As students return to Chicago classrooms, some families call for remote learning improvements

A student draws with a marker on a big sheet of paper on the first day of Chicago’s second school reopening.
A student learns in a classroom at William H. Brown Elementary School on Chicago’s West Side (AP Photos/Shafkat Anowar)

Hailing a return to in-person instruction for some students this morning after a weeks-long impasse with Chicago’s teachers union, schools chief Janice Jackson said the district will invest its energy into expanding in-person opportunities, including opening another round of negotiations with the union on a return for high schoolers.

But the district doesn’t plan to make major changes to  its remote learning approach in the coming weeks, Jackson said. 

Speaking at a press conference Thursday in which she welcomed students back at William H. Brown Elementary School on Chicago’s West Side, Jackson said Thursday that she was fielding “countless emails, DMs and everything else” from parents about the timeline for older students. 

Asked about criticism that the district isn’t paying enough attention to remote learning, she said the district offers a strong virtual program and stressed that officials have no appetite for decreasing live instruction despite calls to limit screen time. “We want our students in school more, not less.”

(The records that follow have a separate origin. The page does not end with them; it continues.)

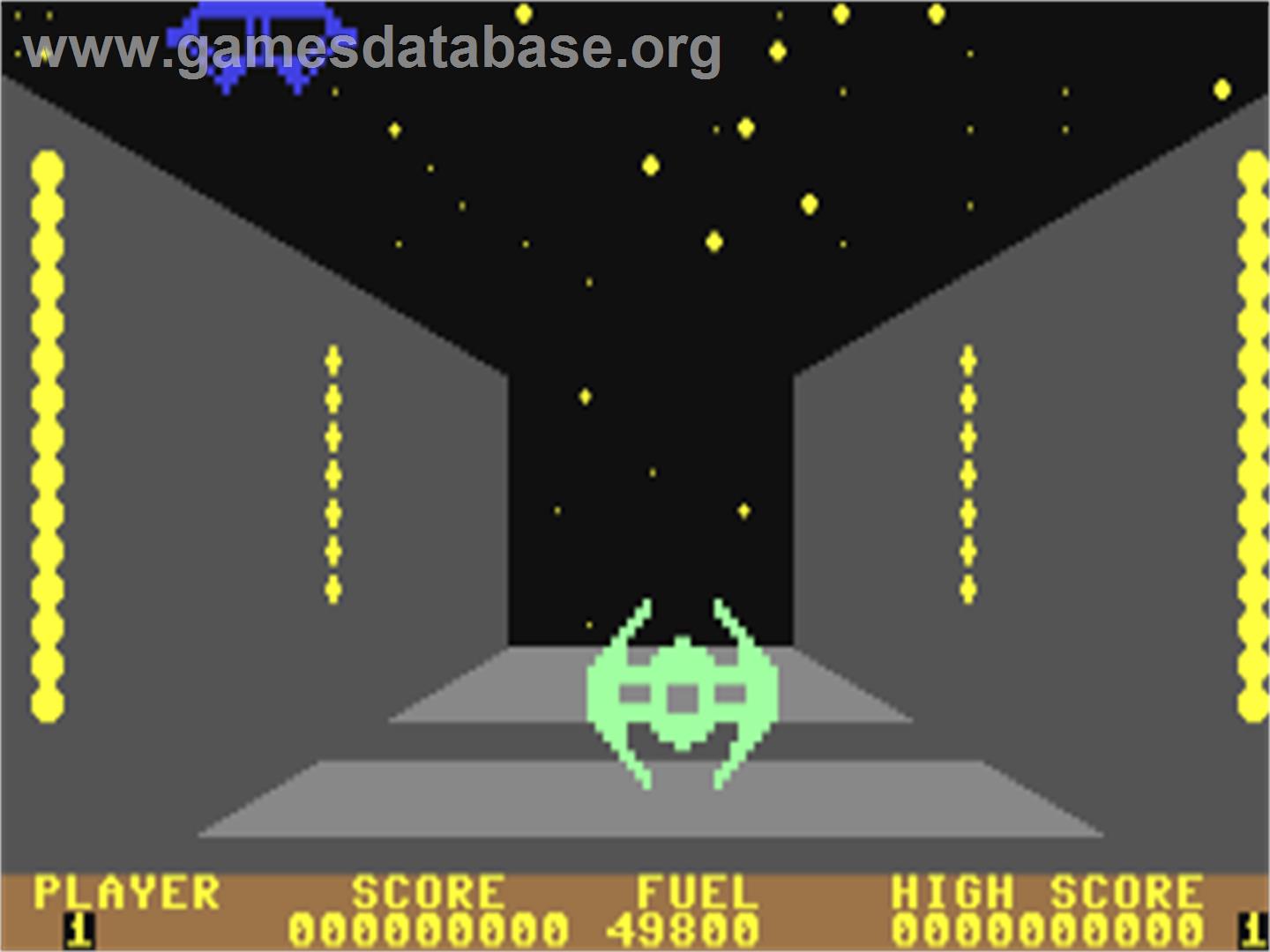 Mothership - Commodore 64 - Artwork - In Game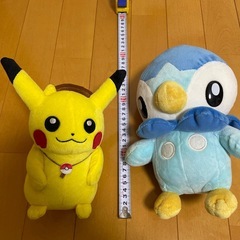 美品❗️ポケモンぬいぐるみの画像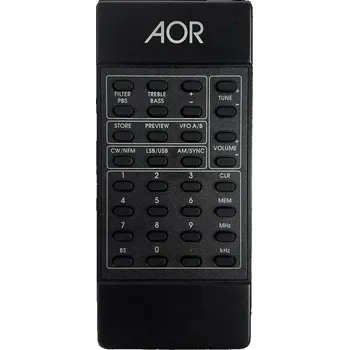 AOR AR7030, AR7030+ - kompatibilní značkový dálkový ovladač General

Jackson’s comments stood in sharp contrast to an event later Thursday morning, at which community groups and parents argued the district must strengthen the virtual experience. 

The vast majority of district students will still spend more time in remote learning than in classrooms: One in three Chicago students has elected to return to in-person learning under a hybrid schedule that means two days a week, at most, at schools. (One notable exception is prekindergarten or the children of in-person staff. Those students can return to classrooms five days a week.)

Families will again have the opportunity to opt in to hybrid learning for the fourth quarter.

At Thursday’s virtual event hosted by the parent advocacy group Raise Your Hand, some parents had a different take than officials on the state of remote learning in the district. The group, along with several other community organizations, released a list of demands they said would improve the experience of the majority of families who are opting to stick with learning from home for now. Families called for the school district to scale back screen time, give families more flexibility in logging onto virtual classes, and provide more time for small-group and one-on-one instruction. They also called for schools to send home more hands-on materials. 

Parents spoke of deep-seated mistrust in the district that long predates the pandemic — and a sense that families have not had input into high-stakes district planning this school year.

“I feel like parents do not have a voice at the table,” said Joseph Williams, the father of five district students. “These are our babies, but we don’t have any input.”

Williams said his family has been tested by remote learning: His children are drained by long stretches in front of the screen, and his wife had to leave her job to oversee school for their younger children, straining the family budget. But the family does not feel it’s safe yet to send them back to the classroom, he said, and they are looking to the district for more support.

Parents also called on the district to beef up mental health resources and significantly expand its learning hubs, sites where students can tune in to remote learning with adult supervision. Some parents said students in special education in particular have not had the robust academic and emotional support they need. 

“This idea that we cannot improve remote learning — that it’s as good as it gets — it’s simply false,” said Kristin Brody, the mother of a student with special needs.

More than two-thirds of Chicago Teachers Union members backed a tentative school reopening agreement this week, clearing the way for Chicago to resume reopening classrooms. On Thursday, about 3,200 pre-K and some special education students — who reported to classrooms in January, only to be sent back home once negotiations hit a stalemate with the union —  were expected to return to school buildings. 

Students in kindergarten to fifth grade are expected to return to campuses March 1 and middle school grades return to classrooms the week after. Teachers for K-5 are expected to return Feb. 22 and middle school teachers would report back March 1.

Jackson, who visited classrooms Thursday morning at Brown, called Thursday’s return to classes “extremely gratifying,” and described seeing students excited to spell their name or show off their first-day-of-school sneakers. 

“It’s little things like that that all told, when you add it up, really speaks to the importance of this return to in-person instruction,” said Jackson.